**Work instruction**. An exact reprint of every record below is required, with the pictures left out.
-- Opening Marker --
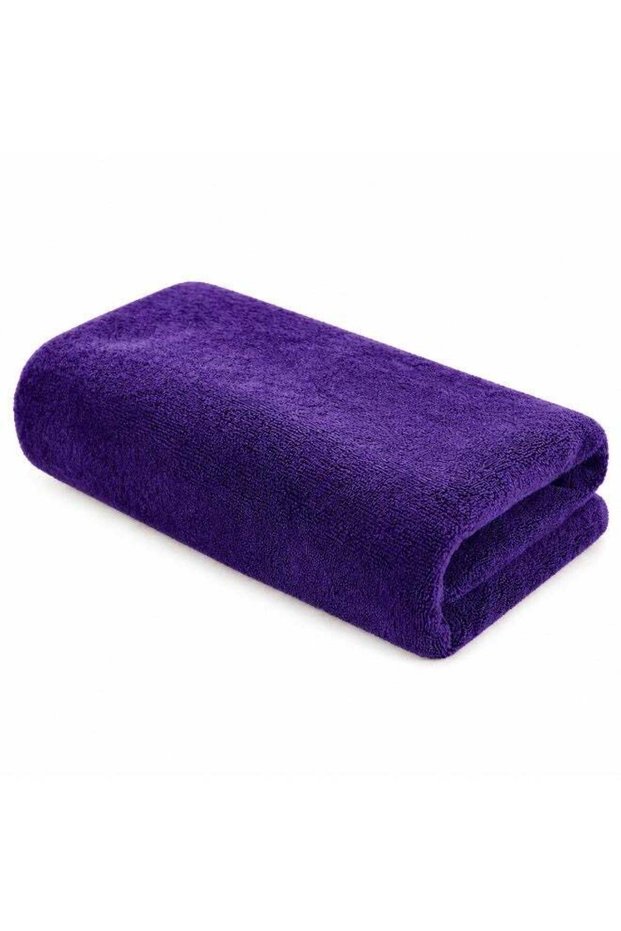 Super Soft Microfiber Bath Sheet 80x160cm Ultra Absorbent Beach Towel Quick Drying Microfiber Bath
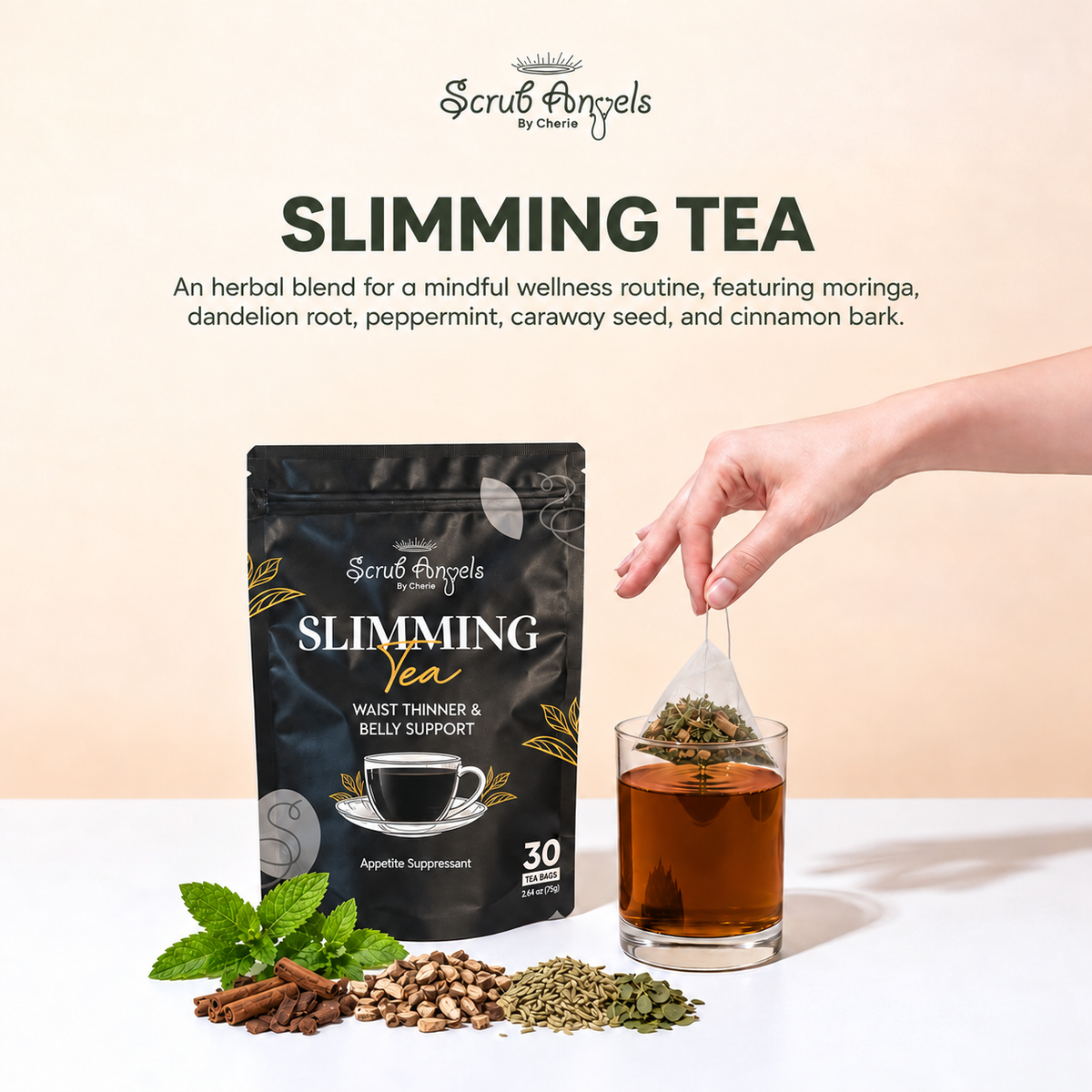 Slimming Tea for Digestive Support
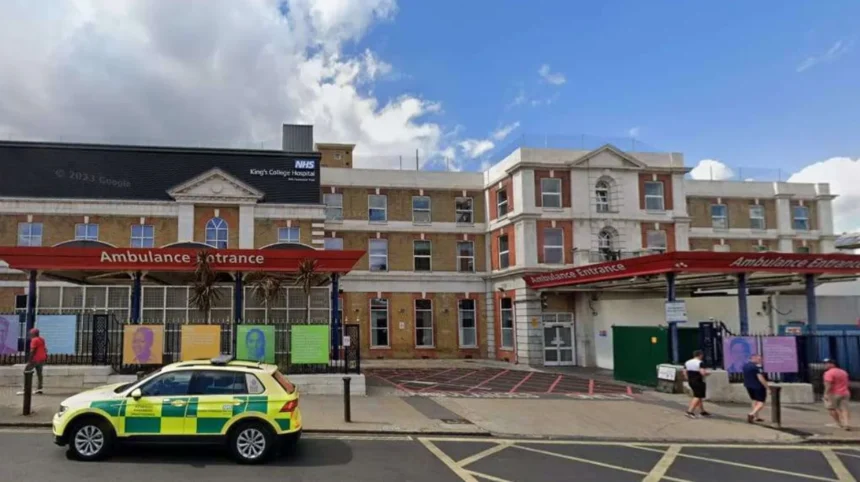 Record-breaking year for liver transplants at King’s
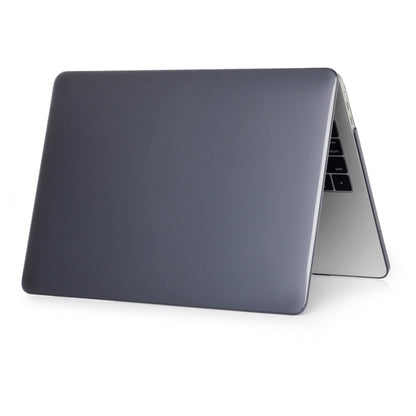 For MacBook Air 13.6 inch A2681 2022 Laptop Crystal Style Protective Case(Black) - MacBook Air Cases by buy2fix | Online Shopping UK | buy2fix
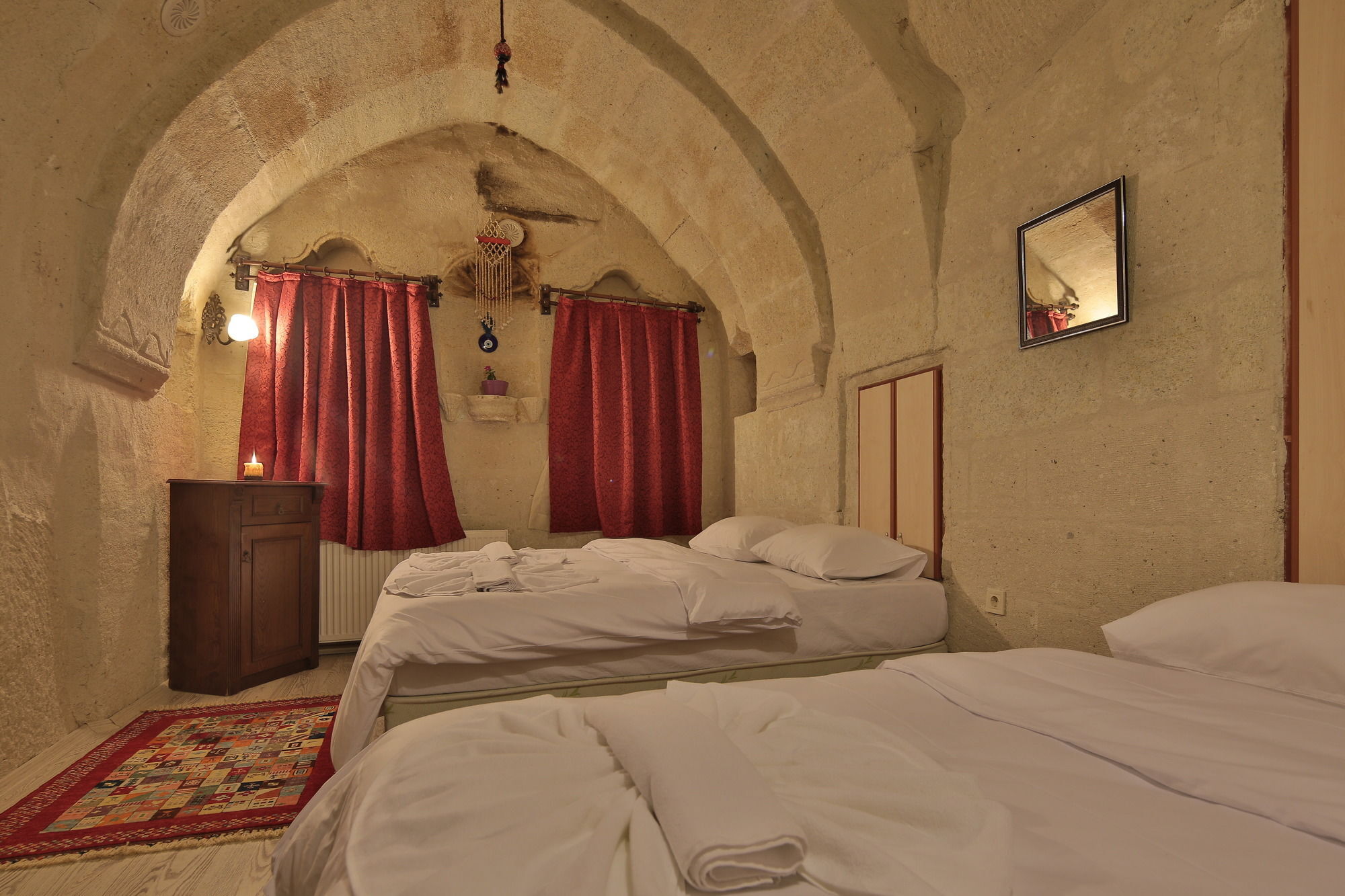 Mia Cappadocia Cave Hotel Гореме Экстерьер фото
-- Closing Marker --
**Exercise response**.
 Super Soft Microfiber Bath Sheet 80x160cm Ultra Absorbent Beach Towel Quick Drying Microfiber Bath
 Slimming Tea for Digestive Support
 Record-breaking year for liver transplants at King’s
 For MacBook Air 13.6 inch A2681 2022 Laptop Crystal Style Protective Case(Black) - MacBook Air Cases by buy2fix | Online Shopping UK | buy2fix
 Mia Cappadocia Cave Hotel Гореме Экстерьер фото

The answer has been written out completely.